5.1 Overall Habitat Test
Purpose: This test evaluates whether hornbill detections differ significantly between interior (core, undisturbed forest) and exterior (edge/buffer zones, often with more human activity) habitats. By comparing detections to trek numbers, it checks if habitat influences sighting probability, controlling for sampling effort. This helps identify if hornbills avoid or prefer edges, informing conservation (e.g., buffer zone management).
Null Hypothesis (H0): Detection frequency is independent of habitat type—hornbills are equally likely to be detected in interior and exterior areas, proportional to treks conducted (no preference or avoidance).
Alternative Hypothesis (H1): Detection frequency depends on habitat type—hornbills show preference for or avoidance of one habitat, leading to uneven detections.
Chi-Square Test Code and Output: The code groups data by habitat, summarizes detections and treks, computes expected counts (proportional to total time), and applies Jacob’s Index. The chi-square uses a 2x2 contingency table (rows: habitat; columns: detections vs. treks).

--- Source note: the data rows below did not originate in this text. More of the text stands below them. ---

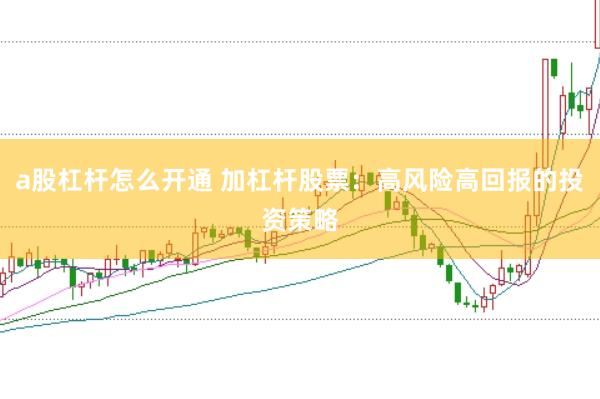 a股杠杆怎么开通 加杠杆股票：高风险高回报的投资策略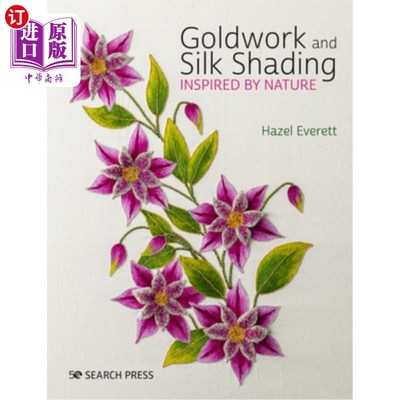 海外直订Goldwork and Silk Shading Inspired by Nature 灵感来自自然的金工和丝绸遮阳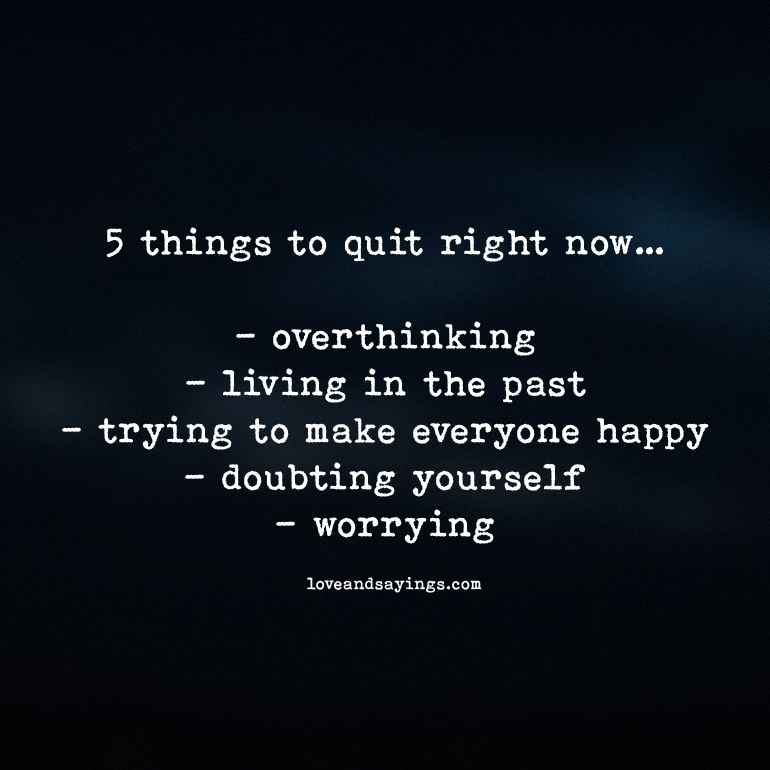 5 Things To Quit Right Now…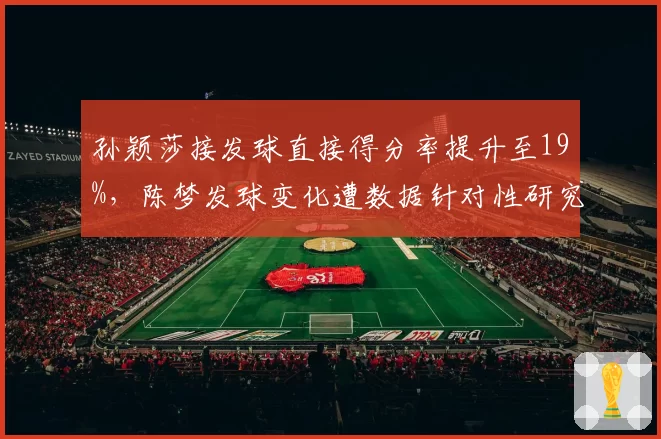 孙颖莎接发球直接得分率提升至19%，陈梦发球变化遭数据针对性研究
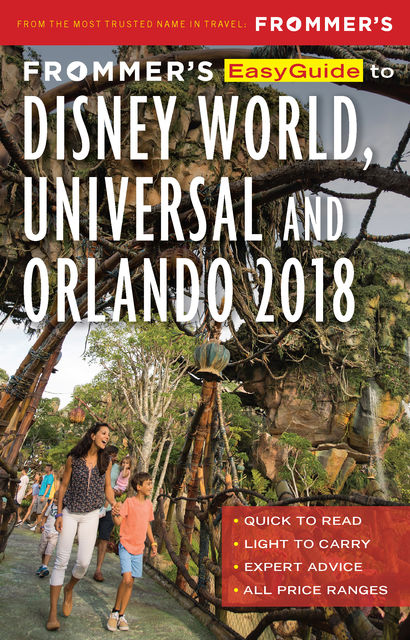 Frommer's EasyGuide to Disney World, Universal and Orlando 2018, Jason Cochran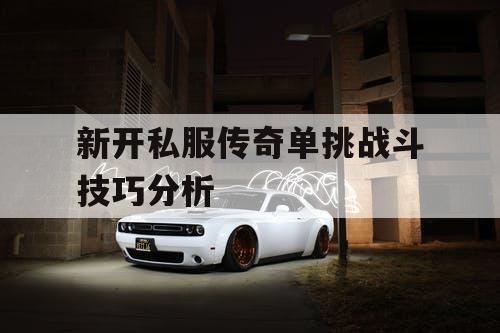 新开私服传奇单挑战斗技巧分析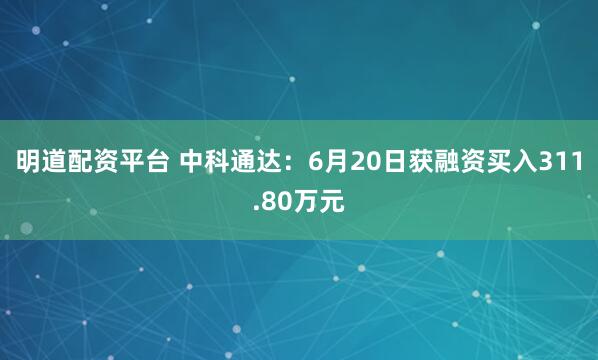 明道配资平台 中科通达：6月20日获融资买入311.80万元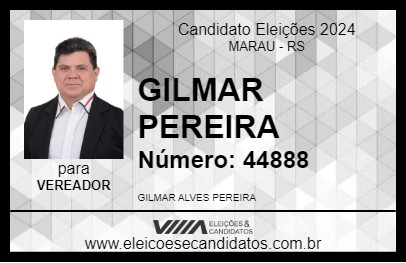 Candidato GILMAR PEREIRA 2024 - MARAU - Eleições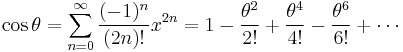 \cos \theta = \sum^{\infin}_{n=0} \frac{(-1)^n}{(2n)!} x^{2n} = 1 - \frac{\theta^2}{2!} %2B \frac{\theta^4}{4!} - \frac{\theta^6}{6!} %2B \cdots 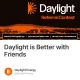 Daylight is Better with Friends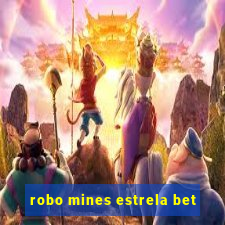 robo mines estrela bet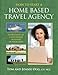 How to Start a Home Based Travel Agency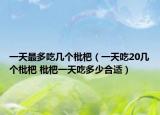 一天最多吃幾個(gè)枇杷（一天吃20幾個(gè)枇杷 枇杷一天吃多少合適）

Pearson's Chi-squared test with Yates' continuity correction
data: contingency_table
X-squared = 9.0593, df = 1, p-value = 0.002614
Chi-Square Result: χ² = 9.06, df = 1, p = 0.003 (significant; reject H0, evidence of association).
With p < 0.05, we reject H0—there’s a significant association (exteriors have disproportionately more detections). Yates’ correction adjusts for small expected values (<5 in interior).

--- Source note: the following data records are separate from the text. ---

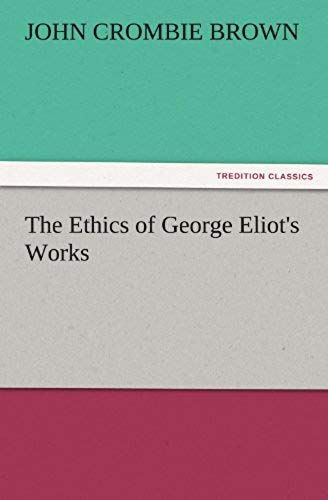 The Ethics Of George Eliot's Works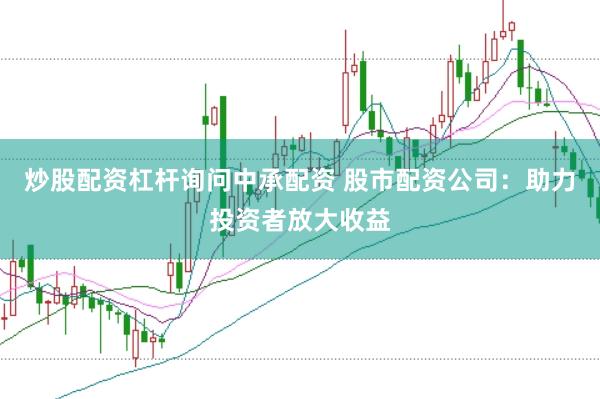 炒股配资杠杆询问中承配资 股市配资公司：助力投资者放大收益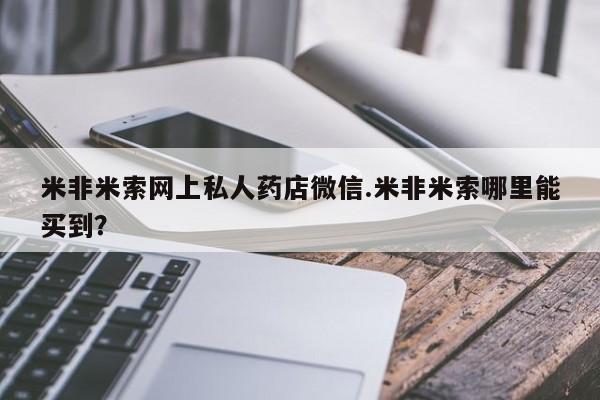 怀孕可以自己买药流吗米非米索网上私人药店微信.米非米索哪里能买到？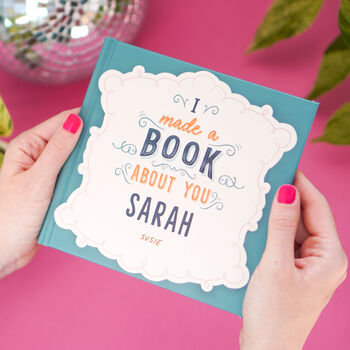Personalised 'I Made A Book About You' Gift Book, 12 of 12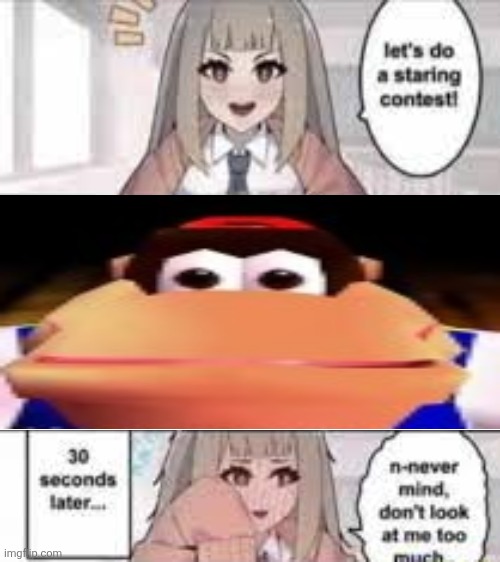 Staring contest 30 seconds | image tagged in staring contest 30 seconds | made w/ Imgflip meme maker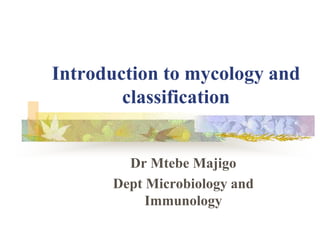 Introduction to mycology and
classification
Dr Mtebe Majigo
Dept Microbiology and
Immunology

Jacob’s Index Explanation: This index measures habitat selection. It ranges from -1 (complete avoidance) to +1 (complete preference), with 0 neutral. Here, exterior’s +0.17 suggests mild preference (hornbills use edges slightly more than availability), while interior’s -0.77 indicates strong avoidance (possibly due to deeper forest inaccessibility or lower food resources). This aligns with the low interior rate (0.085/hour vs. 0.907 exterior), even after time normalization.
5.2 Range Specific test
Purpose: Ranges (Bonda, Khanapara) represent administrative divisions with potentially varying ecology or disturbance. This test checks if habitat biases persist within each, revealing local patterns (e.g., Bonda’s denser forest might amplify avoidance).
Null Hypothesis (H0): Within each range, detections are independent of habitat (proportional to treks).
Alternative Hypothesis (H1): Within each range, detections associate with habitat (local preference/avoidance).
Chi-Square Test Code and Output: Similar to overall, but grouped by range first, with per-range expectations and separate chi-squares.
Jacob’s Index Explanation: Computed per range (using range-specific time). Bonda: Exterior +0.12 (mild preference), interior -0.67 (avoidance). Khanapara: Exterior +0.23 (mild preference), interior -1.00 (complete avoidance, no detections despite effort). Time division ensures indices reflect availability, not just raw counts e.g., Khanapara interiors had 14.83 hours but zero sightings.